A number of studies in the area of vocabulary acquisition illustrate that in early development, bilinguals learn unique words across their two languages, rather than learning two words (one in each language) for each concept. Pearson, Fernandez, and Oller (1992) found that young bilinguals (8 to 30 months) often produced words for different concepts in each language, with few concepts labeled in both languages. Similarly Pena, Bedore, and Zlatic (in press) found that in a category generation task, bilingual children (ages 4 to 6 years) produced more unique words across Spanish and English than overlapping words.

When monolinguals and bilinguals are compared on measures of vocabulary, differences become more apparent. Pearson, Fernndez, and Oller (1993) used the Spanish and English versions of the MacArthur Communicative Development Inventory (1989) to estimate bilingual toddler's vocabularies.
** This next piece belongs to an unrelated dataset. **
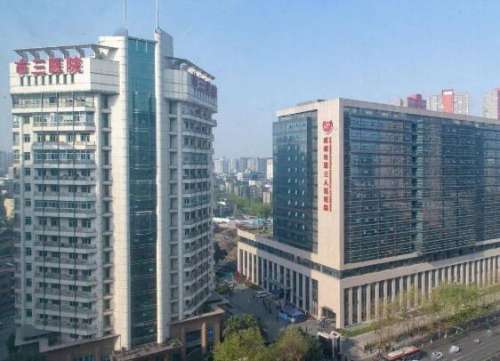 叶飞轮医生毕业于国内知名高等学府，从毕业后就一直从事整形美容外科工作，工作之余还在研究更为先进以及专业的技术手法，曾在上海九院等知名的整形医院进修和深造，擅长双眼皮等多个部位的整形，是所在医院整形外科的综合性医生，拥有扎实的专业知识储备，经手了上万例成功的手术案例，赢得了爱美人士的青睐与好评。叶飞轮...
They found that when compared to monolingual norms in either language, their scores were low. However, when they compared the total number of unique words they produced across the two languages, their scores were more comparable to the monolingual norms.
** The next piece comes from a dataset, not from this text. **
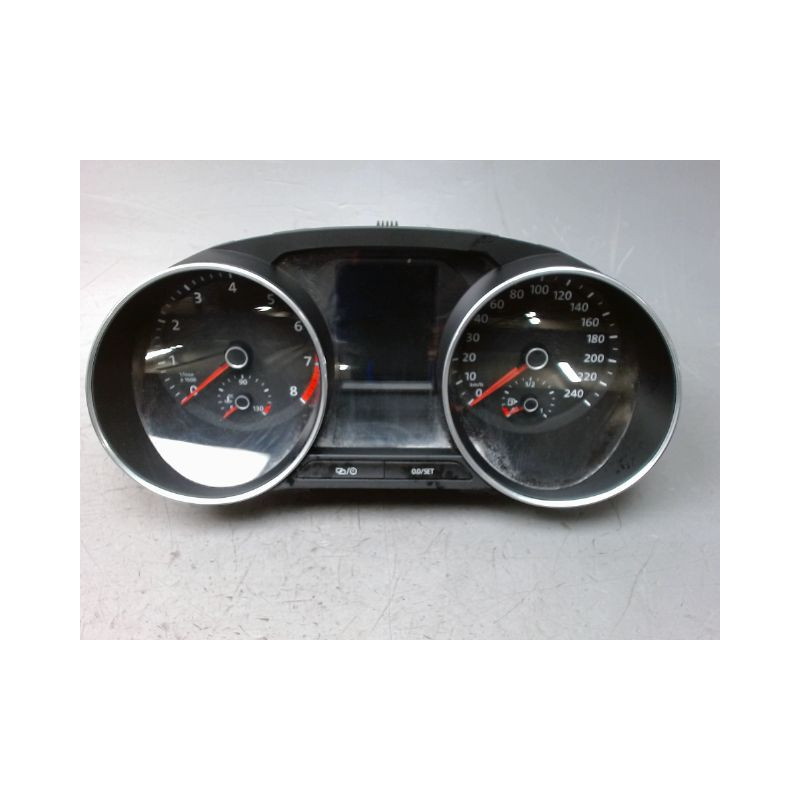 BLOC COMPTEURS VOLKSWAGEN CROSSPOLO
Another example of findings of differential performance between monolinguals and bilinguals is with the Test de Vocabulario en Imagenes Peabody: Adaptcion Hispanoamericana (TVIP-H). This version of the Peabody Picture Vocabulary Test (PPVT) was normed on monolingual Spanish speakers outside of the U.S. mainland and then tested with bilingual Hispanics on the U.S. mainland. Bilinguals' scores were lower than those of the monolinguals (Dunn, 1988). The differences between monolinguals and bilinguals increased with age and coincided with schooling in English. Similarly, Umbel, Pearson, Fernandez, and Oller (1992) used the PPVT-Revised and the complementary Spanish version, the TVIP-H, to compare the receptive vocabularies of bilingual children ages 6 through 8 who were exposed to both Spanish and English in the home. On average, children responded correctly to 67% of the items in their age range in both languages, but another 8% to 12% were known only in one of their two languages. Administration of this test in only one language--even the "dominant" language--would have led to an underestimation of vocabulary knowledge.
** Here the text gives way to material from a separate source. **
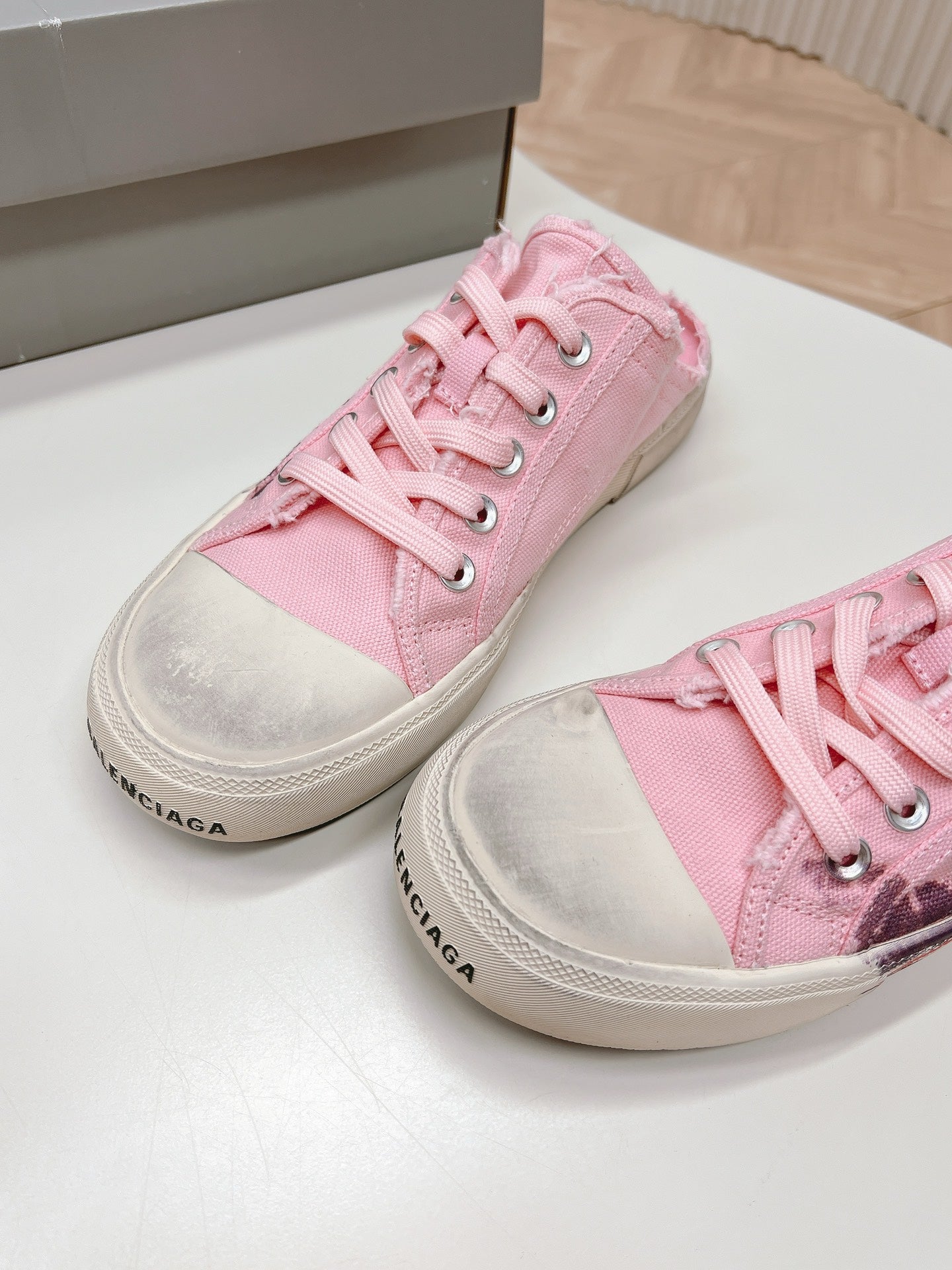 Balanciaga SNEAKER MULES IN PINK CANVAS GRAFFITI LOGO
Conceptual scoring (Pearson, Fernandez, & Oller, 1993) has been proposed as a more meaningful measure of the bilingual's conceptual knowledge. The system, which entails counting the concepts demonstrated (either through constructed or selected responses) in both languages and correcting for concepts shared in the two languages, results in a more valid representation of a bilingual child's knowledge of concepts. The English/Spanish Bilingual Verbal Ability Tests (BVAT) (Cummins, Munoz-Sandoval, Alvarado, & Ruef, 1998) is based on this method.


The psychometric properties of a test, including item difficulty, item discrimination, reliability, and validity, do not automatically translate from one language to another, nor do they remain the same when a test is administered to a different audience than intended. Language tests can be improved if test developers:

* Ensure that concepts and linguistic features are

appropriately represented for each language.

* Use conceptual scoring systems to eliminate

understimation of ability.

* Select an appropriate mix of item types to gain the

maximal amount of information about language

ability in each language (e.g., an English grammar

test may contain more emphasis on pronouns, while

a Spanish grammar test might include more items

related to gender and number agreement).

* Consider the frequency of occurrence of the words.

An important long-term goal is to better understand the development of language skills in bilinguals in order to develop language tests designed for, and normed on, bilinguals.